== Segment start ==

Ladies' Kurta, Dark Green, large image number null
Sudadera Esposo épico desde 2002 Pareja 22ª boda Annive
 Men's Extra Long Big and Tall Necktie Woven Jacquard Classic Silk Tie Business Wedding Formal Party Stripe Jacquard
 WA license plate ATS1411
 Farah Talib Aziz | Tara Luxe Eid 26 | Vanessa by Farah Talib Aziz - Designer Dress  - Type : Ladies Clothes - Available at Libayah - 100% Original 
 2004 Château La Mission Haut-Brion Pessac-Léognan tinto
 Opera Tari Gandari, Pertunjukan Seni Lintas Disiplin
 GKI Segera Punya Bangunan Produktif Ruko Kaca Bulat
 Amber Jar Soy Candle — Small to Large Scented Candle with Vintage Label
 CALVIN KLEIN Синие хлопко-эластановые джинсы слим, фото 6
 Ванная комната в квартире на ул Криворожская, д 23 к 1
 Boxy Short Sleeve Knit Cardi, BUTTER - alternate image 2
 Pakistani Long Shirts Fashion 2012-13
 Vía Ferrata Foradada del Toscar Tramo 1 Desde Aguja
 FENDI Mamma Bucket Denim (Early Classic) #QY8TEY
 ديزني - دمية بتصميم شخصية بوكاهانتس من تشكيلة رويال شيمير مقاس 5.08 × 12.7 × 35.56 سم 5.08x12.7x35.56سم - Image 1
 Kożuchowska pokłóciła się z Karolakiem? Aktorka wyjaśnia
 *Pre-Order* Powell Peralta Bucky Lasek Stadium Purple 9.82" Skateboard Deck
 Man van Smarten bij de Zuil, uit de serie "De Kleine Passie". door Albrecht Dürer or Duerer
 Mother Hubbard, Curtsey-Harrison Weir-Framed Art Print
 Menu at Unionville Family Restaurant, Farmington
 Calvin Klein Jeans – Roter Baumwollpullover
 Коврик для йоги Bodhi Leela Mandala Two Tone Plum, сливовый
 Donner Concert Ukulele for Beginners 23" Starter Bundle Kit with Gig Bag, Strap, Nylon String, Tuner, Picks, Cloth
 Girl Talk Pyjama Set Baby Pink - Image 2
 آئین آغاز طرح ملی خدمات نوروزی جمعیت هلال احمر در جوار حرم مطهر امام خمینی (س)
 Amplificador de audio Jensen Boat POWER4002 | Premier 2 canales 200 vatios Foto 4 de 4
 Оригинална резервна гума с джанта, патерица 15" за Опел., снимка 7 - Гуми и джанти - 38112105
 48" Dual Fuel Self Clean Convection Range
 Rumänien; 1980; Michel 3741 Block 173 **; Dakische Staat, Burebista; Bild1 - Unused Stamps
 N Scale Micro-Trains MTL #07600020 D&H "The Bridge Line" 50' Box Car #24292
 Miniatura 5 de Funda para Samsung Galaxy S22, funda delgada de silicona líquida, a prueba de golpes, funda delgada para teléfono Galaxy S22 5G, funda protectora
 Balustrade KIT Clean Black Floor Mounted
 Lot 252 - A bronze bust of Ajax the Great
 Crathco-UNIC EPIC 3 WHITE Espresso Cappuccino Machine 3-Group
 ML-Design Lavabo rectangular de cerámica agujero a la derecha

== Segment end ==

▶ [WHAT YOU ARE ASKED TO DO] All lines above from the one containing "GKI Segera Punya" to the one containing "Rumänien; 1980; Michel" must be repeated exactly, both lines included, and no others.

▶ [RESPONSE FOR THIS EXERCISE]
 GKI Segera Punya Bangunan Produktif Ruko Kaca Bulat
 Amber Jar Soy Candle — Small to Large Scented Candle with Vintage Label
 CALVIN KLEIN Синие хлопко-эластановые джинсы слим, фото 6
 Ванная комната в квартире на ул Криворожская, д 23 к 1
 Boxy Short Sleeve Knit Cardi, BUTTER - alternate image 2
 Pakistani Long Shirts Fashion 2012-13
 Vía Ferrata Foradada del Toscar Tramo 1 Desde Aguja
 FENDI Mamma Bucket Denim (Early Classic) #QY8TEY
 ديزني - دمية بتصميم شخصية بوكاهانتس من تشكيلة رويال شيمير مقاس 5.08 × 12.7 × 35.56 سم 5.08x12.7x35.56سم - Image 1
 Kożuchowska pokłóciła się z Karolakiem? Aktorka wyjaśnia
 *Pre-Order* Powell Peralta Bucky Lasek Stadium Purple 9.82" Skateboard Deck
 Man van Smarten bij de Zuil, uit de serie "De Kleine Passie". door Albrecht Dürer or Duerer
 Mother Hubbard, Curtsey-Harrison Weir-Framed Art Print
 Menu at Unionville Family Restaurant, Farmington
 Calvin Klein Jeans – Roter Baumwollpullover
 Коврик для йоги Bodhi Leela Mandala Two Tone Plum, сливовый
 Donner Concert Ukulele for Beginners 23" Starter Bundle Kit with Gig Bag, Strap, Nylon String, Tuner, Picks, Cloth
 Girl Talk Pyjama Set Baby Pink - Image 2
 آئین آغاز طرح ملی خدمات نوروزی جمعیت هلال احمر در جوار حرم مطهر امام خمینی (س)
 Amplificador de audio Jensen Boat POWER4002 | Premier 2 canales 200 vatios Foto 4 de 4
 Оригинална резервна гума с джанта, патерица 15" за Опел., снимка 7 - Гуми и джанти - 38112105
 48" Dual Fuel Self Clean Convection Range
 Rumänien; 1980; Michel 3741 Block 173 **; Dakische Staat, Burebista; Bild1 - Unused Stamps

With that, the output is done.